The Gudo, Jean Pierre, (who I just found out has a physics PhD) is perhaps slightly less approachable than Guy (the Gudo at my last sesshin), but I really enjoyed his teaching style. He's clearly a very intelligent man with a profound understanding of Buddhism. He put a new and refreshing emphasis on appreciation and expression of gratitude (even if we know not who or what to be grateful to), getting away from the tendency to interpret Zen as a sort of nihilism or amoralism, which is prevalent is a great deal of western thinking about Zen. There are two sides of the coin and the True Way is a path taken between them.

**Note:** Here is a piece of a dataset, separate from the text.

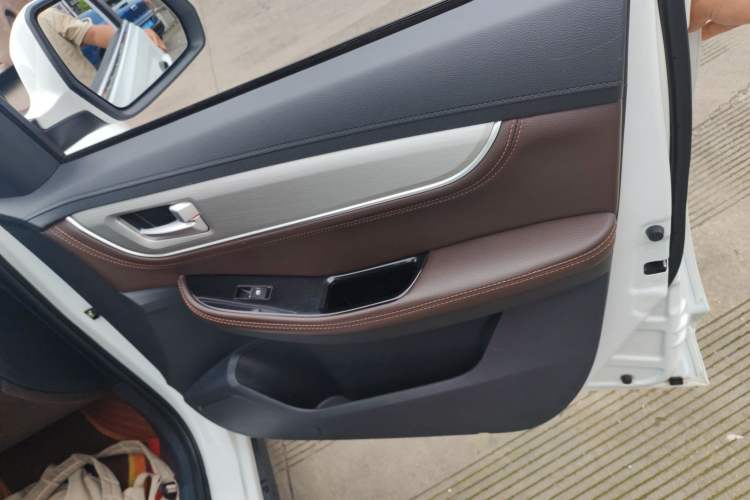 Used FORTHING Joyear X5 2017 Jingxiang Series 1.5T Manual Luxury Model Right Front Door Interior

There was one incident, however, which I found really hard. I had a question I wanted to ask during the mondo (formally and publically asking the Gudo questions). I kept turning the question over in my mind, imagining the amusing way in which I was going to deliver it. However, although I got up and asked Guy a question last time, for some reason this time I couldn't summon the nerve. I've done the highest bungee jump in the world without hesitation (twice) and I've been cage diving with great white sharks, but public speaking still terrifies the wits out of me. (On the way home Gaby told me that there's a book on overcoming fear of public speaking called 'And Death came Third' - because public speaking comes top of people's fears and death comes third , don't know what comes second)
So after the mondo I asked the Secretary if it was possible to speak to the Gudo more privately at some point. Immediately I was suprised to be hurried into the room where he was sitting closely with what I can only describe as his 'Inner Circle' all of whom of course went silent and I was asked to divulge my question.
My mind went completely blank.
The question had gone. I was aware only of massive amounts of adrenaline rushing around in my brain and my consciousness of the attention of the people in the room. It was my first proper meeting with Jean Pierre and while at some level I had probably hoped to impress him and the senior practitioners around him with my understanding of Buddhism, instead I was exposing myself as being about as 'un-zen' as it is possible to be. There go my fantasies about reacting spontaneously and unselfconsciously to a roshi's koan. I made self-depreciating remarks to hide my embarrassment and buy some time, but there it was - I had intruded on the Gudo outside of the mondo with my little question and now I couldn't remember it and I was standing there like an idiot, watched by all the most important people at the sesshin. I was mortified with embarrassment. A timely reminder of suffering in the midst of my cosy zen thoughts perhaps. It felt like I was there for about a minute trying to remember the question but it was probably half that. Anyway after a bit of prompting I remembered my question: 'You were talking about the Buddhist teaching that 'Nothing is hidden'. Can you explain further what it means?' He explained it in terms of the famous Butterfly Effect - of effects resonating across the universe. It didn't mean that at any point in space and time we had access to all information. Ah it means that nothing is cut-off or separate, I thought. I stood and gassho'ed to the Gudo with a smile saying 'Thank you very much'. He asked for my name, and I actually felt a secret reluctance when I gave it to him, as if at some level I hoped instead that he and everyone else in the room would forget all about it and forget all about me and I could leave the room and it would be as if it had never happened.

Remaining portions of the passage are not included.